Les sociétés qui gèrent correctement ces risques (reconsidération du modèle économique, internalisation de la supply chain, prise en compte de la hausse des coûts salariaux, réduction des intermédiaires…) sont celles qui résisteront le mieux.
Pour les entreprises, il existe plusieurs mesures qui pourraient limiter les risques et contribuer au progrès social:
- Un modèle d’affaires repensé et plus inclusif;
- Une méthodologie de calcul du salaire décent, une politique dédiée avec un périmètre d‘action et son implémentation dans les codes de l’entreprise;
- L’accès à la négociation collective pour les travailleurs;
- Une coopération continue avec les gouvernements et les fournisseurs;
- Un suivi des rémunérations des salariés internes ou des salariés des fournisseurs avec processus d’audit et la possibilité de non-renouvellement d’un fournisseur en cas de non-conformité;
- Un whistleblowing système (dispositif d’alerte interne) robuste et anonyme.
Plusieurs entreprises internationales (L’Oréal, Unilever, AXA, Microsoft, Hitachi, Accenture, Schneider Electric, Danone…) se sont engagées à offrir un salaire décent à tous leurs employés. Une exigence que ces entreprises souhaitent également retrouver chez tous leurs fournisseurs stratégiques.

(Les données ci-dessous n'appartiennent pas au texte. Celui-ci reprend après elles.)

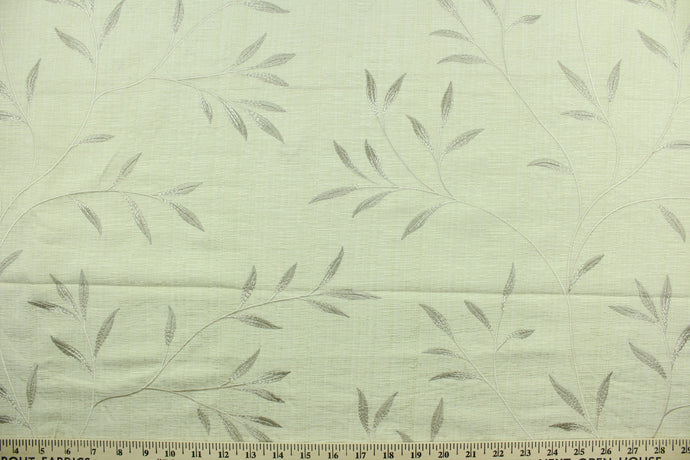 Linen Leaves is a multi use fabric featuring embroidered wheat leaves against a cream background.  The embroidered design adds an elegant look to the fabric.  Uses include upholstery, window treatments, accent pillows, bedding, cornice boards and home décor.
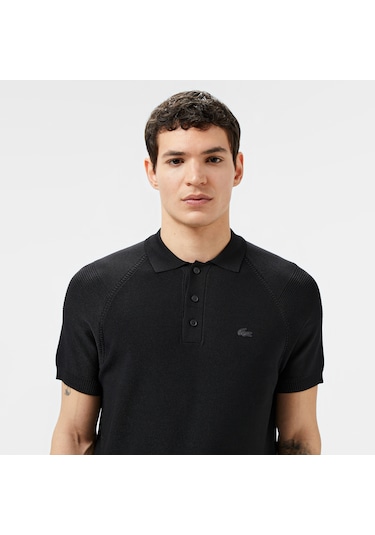 Lacoste Kısa Kollu Polo Yaka Regular Fit Erkek Triko Örme T-shirt Siyah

A titre d’exemple: «pour la période 2021-2025, Schneider s’engage à ce que 100% de ses fournisseurs stratégiques offrent un travail décent à leurs employés»[7]. Ces engagements sont vérifiables dans le cadre de son devoir de vigilance, via des audits internes ou externes, ou par l’intermédiaire d’équipes Achats dédiées.
L’absence de convention et de méthodologie de calcul universel du salaire décent ne permet pas de sanction ni un progrès social aussi rapide que nécessaire.
Cependant, la réglementation française «loi sur le devoir de vigilance» s’achemine vers un devoir de vigilance européen. La nouvelle feuille de route climatique et sociale menée par la PFUE[8] met l’accent sur le volet social, les coalitions d’investisseurs et de multinationales et la prise de conscience citoyenne, laissent augurer qu’une dynamique est en place. Si tel est véritablement le cas, les premiers progrès devraient être visibles prochainement.